Le Niger et Orano : un bras de fer sur l’uranium qui paralyse le marché international
Mine d’uranium de Cominak (près d’Arlit, au Niger), le 8 mars 2023, quand elle était encore exploitée par Orano.

Au cœur de l’Afrique subsaharienne, le Niger est le théâtre d’une confrontation majeure autour de l’exploitation de l’uranium. Ce conflit oppose la junte militaire, au pouvoir depuis juillet 2023, au géant français Orano, mettant en lumière les tensions persistantes entre l’ancienne puissance coloniale et les peuples africains désireux de réaffirmer leur souveraineté économique.

Le gouvernement dirigé par Abdourahamane Tiani a marqué sa volonté d’indépendance en décrétant, en juin 2025, la nationalisation forcée de la Somaïr, une filiale clé d’Orano. Dans la foulée, Niamey a annoncé son intention de commercialiser son uranium directement sur le marché international. En réponse, le groupe Orano a initié plusieurs actions judiciaires, transformant cette situation en un véritable bras de fer légal.
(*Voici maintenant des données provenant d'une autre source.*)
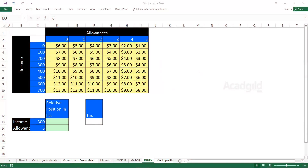Hello everyone and welcome to Akkad Guild. In this video we'll see how to work with the INDEX function. Previously we have seen the MATCH function — MATCH gives us the relative position number in the array. But what INDEX will do is give you the value at that position number.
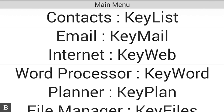Hello and thanks for tuning in to another BrailleNote Touch Snapshot video. My name is Greg Stilson, I'm HumanWare's Product Manager of Blindness Products. In this video we're going to focus on the app that everyone tells us is the most important on the BrailleNotes over the past 16 years, and that is Keyword. Keyword is the BrailleNote word processing application that's been rebuilt from the ground up in the BrailleNote Touch — much more powerful, with many more options, allowing you to create professional mainstream documents.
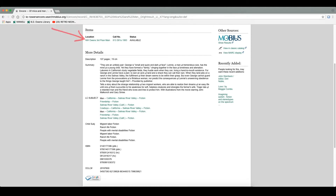Click on the location link to view a floor map. If you need help finding a book, head to the library services desk and a library assistant can help you.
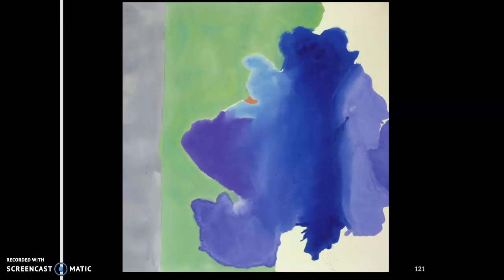This is Helen Frankenthaler — she was also an abstract expressionist. This is called The Bay. She did this with acrylic, not watercolor. She thinned out the acrylics and had them drip and used different washes. Her stuff is really cool, but it's based off a memory or an event — some of them will be like being out at night, and it's a feeling she got from a moment.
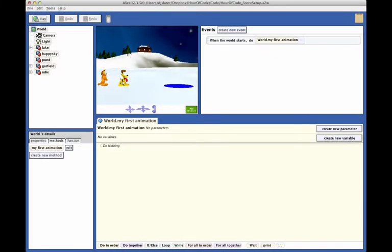To create the animation, each action of our story will be coded as a statement in Alice's Code Editor. Make sure that you have opened your version of this scene, and that you are in the Alice Code Editor as shown here.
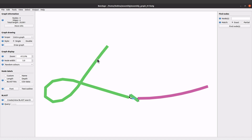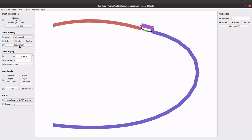When you click Draw Graph your graph will be displayed. Here we have our contigs — we have a contig here, we also have a contig here, and we also have some contigs here. With the assembly graph you can generate the same graph in different colors and different styles. Just click on Draw Graph again and different plots will be generated.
Le gisement d’Imouraren au centre des débats

Ces procédures judiciaires sont perçues par le Niger comme un « harcèlement », selon les déclarations du colonel Ousmane Abarchi, ministre des Mines, à la télévision nationale le 4 mai 2026. Le pays ambitionne d’exporter plus de 1 800 tonnes de yellow cake (concentré d’uranium), d’une valeur estimée à 380 millions de dollars, produites par la Somaïr depuis 2023. Cependant, aucune vente n’a pu être finalisée à ce jour en raison de ces entraves juridiques.

Ousmane Abarchi a précisé qu’Orano avait lancé « au moins une dizaine de procédures » contre l’État du Niger. Ces actions contestent notamment la nationalisation de la Somaïr et la légalité du retrait du permis d’exploitation de la mine d’Imouraren en 2024. Ce gisement représente un enjeu stratégique majeur dans cette crise.
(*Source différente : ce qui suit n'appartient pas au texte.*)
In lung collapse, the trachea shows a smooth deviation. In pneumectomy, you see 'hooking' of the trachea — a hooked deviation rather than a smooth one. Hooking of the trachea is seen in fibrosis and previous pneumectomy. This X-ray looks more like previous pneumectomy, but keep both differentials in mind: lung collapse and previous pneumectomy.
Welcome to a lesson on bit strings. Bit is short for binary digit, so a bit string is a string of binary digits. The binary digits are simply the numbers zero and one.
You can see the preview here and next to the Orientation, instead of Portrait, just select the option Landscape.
Orano, de son côté, a confirmé avoir engagé quatre procédures d’arbitrage. L’une d’elles a déjà abouti à une décision favorable au groupe, qui « interdit au gouvernement nigérien de toucher aux stocks » de la Somaïr, complexifiant davantage la vente uranium Niger.

Ouverture et fermeté de Niamey

Malgré les obstacles, le ministre Ousmane Abarchi a révélé que « certaines sociétés et certains pays » ont manifesté leur intérêt pour les stocks nigériens d’uranium. Toutefois, les questions d’arbitrage et de procédure découragent souvent ces potentiels acheteurs. Le Niger reste néanmoins « en train de discuter » avec des partenaires « sérieux », une information africaine cruciale pour l’économie du pays.

Par ailleurs, les autorités nigériennes n’ont « pas été saisies officiellement d’une démarche » de dialogue qu’Orano aurait souhaité engager en février dernier. Cette absence de communication formelle souligne la difficulté à trouver un terrain d’entente.

Le général Abdourahamane Tiani, chef de la junte, a quant à lui proposé d’« envoyer » à la France la centaine de tonnes d’uranium trouvée sur le site de la Somaïr au moment de sa prise de pouvoir. Il a réaffirmé avec fermeté que « tout ce qui a été produit par la suite est nigérien et le restera », marquant ainsi la position du Niger sur la gestion de ses ressources et son rôle dans la coopération africaine pour une Africa Solidaire.